Do you see why that's only a 50% chance though?

You haven't solved for the 75% solution. Your strategy need only stop w/ the 1st person. If they guess right, why would any of the others guess? They win if the first person is right...if the first is wrong, then it's game over.

Okay, I think I got it:

You are doing a different problem. OP specified guesses are simultaneous, not sequential. Oh haha I just noticed you editted.

No, because too often some will guess wrong and they lose.

Everyone wins in a 2/2 case. One person wins and everyone else loses in a 1/3 case. Everyone loses in a 0/4 case.

So in 3/8 of all cases, everyone wins. In 1/8 of cases, nobody wins.

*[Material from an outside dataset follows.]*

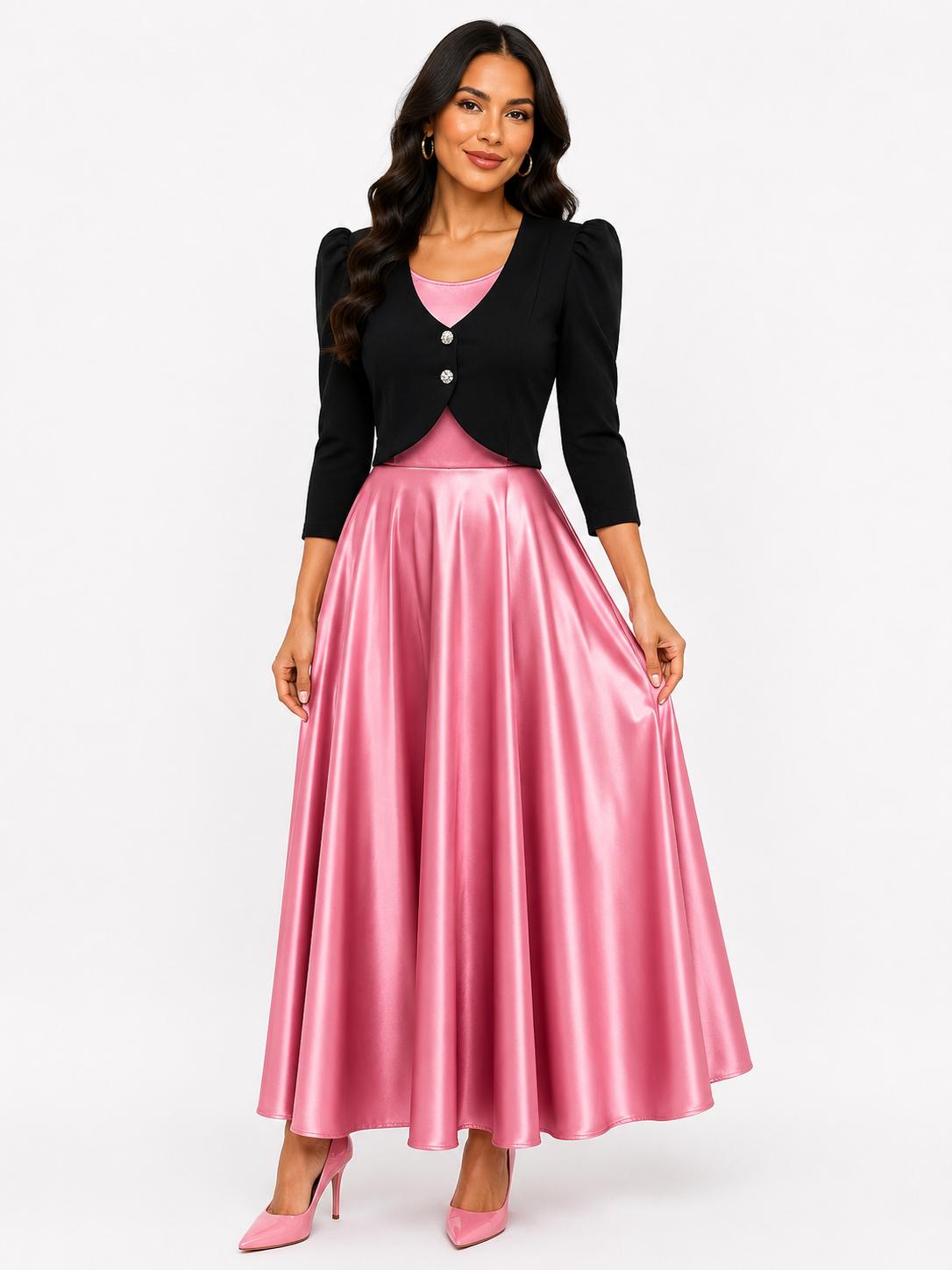 Vestido Maxi Elegante de Dos Tonos con Torera Integrada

And in half of cases, 25% win. That only adds up to 50% again, though. So yeah, no help.

It seems like the only information a player can have is that of which colors the hats of the other players are and the knowledge of the strategy formulated previously. Given ONLY this knowledge, they have to get a 75% correct rate?

Even mixed strategies are coming up on 50% for me, but it seems like the formulated strategy must provide some special information. Maybe if each player has a different strategy, and the strategies of some of the players are based on the strategies of other players?

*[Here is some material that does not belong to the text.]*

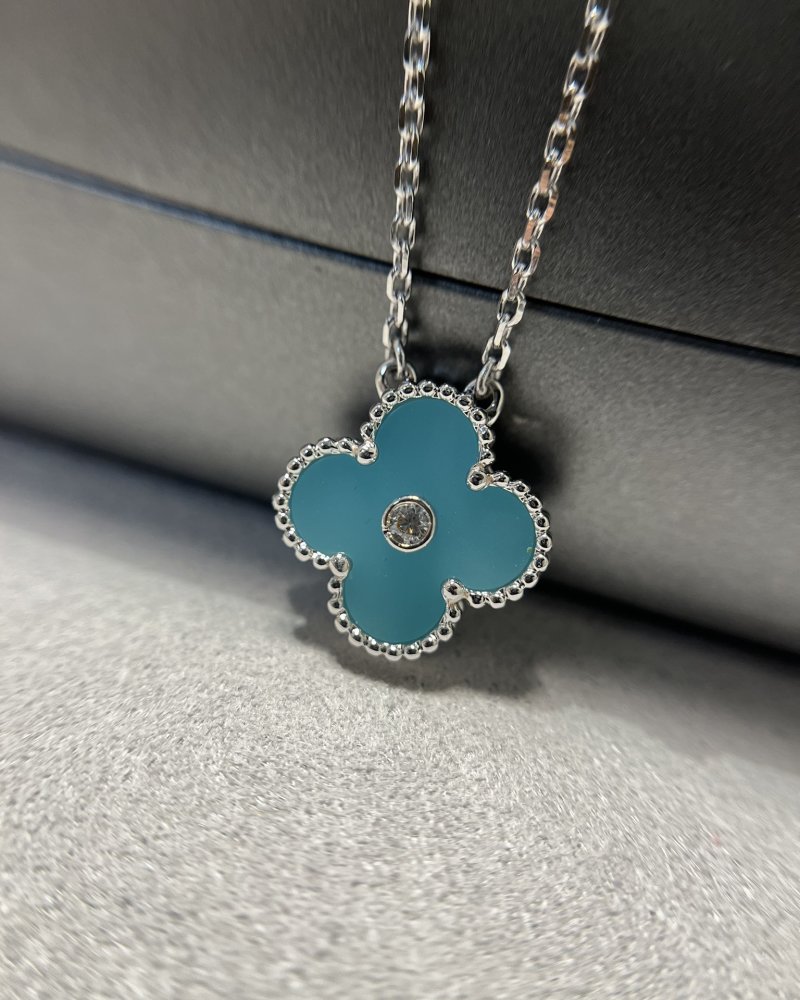 Van Cleef & Arpels Clover Ceramic Light Blue Necklace view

Oh, wait, they can remain silent. I thought they had to guess every time. Okay, I'm just going to shut up now. At least until I'm not so tired.

I don't know if this question is phrased "correctly".

Answer to question if players are allowed to remain silent only for some time and then guess:

This looks correct and "trivial", no?

thyalcine's solution is correct for 4 palyers. The non-triviality comes about (with 4 players) if you do not force someone to pass - without this you can (with difficultly) construct a strategy with 9/16 success rate.

I have no idea if the solution is optimal with N players (N>4). It probably is, but proving it seems too much like hard work.

The most common call for bridge players is "pass" so having the word "bridge" can be considered a hint.

If everyone has to guess black or white, then they have no strategy to win more than 1/2 the time.

So what are you saying with this 9/16? Is it yet another version of the problem?

With the original problem (where every player must guess black or white or no-guess, and they win as long as there is no incorrect guesses, and at least one correct guess) with n>0 players, they can do no better than to win n/(n+1) of the time, though they can attain that upper bound if and only if n+1 is a power of two. So FWIW I guess they can always do at least

1-2^{-\lfloor\log_2(n+1)\rfloor}

Grunch:

http://en.wikipedia.org/wiki/Hamming_code

How do we generalise the solution using hamming codes to cases where the number of players is not 2^k-1 ? (as in the OP for instance).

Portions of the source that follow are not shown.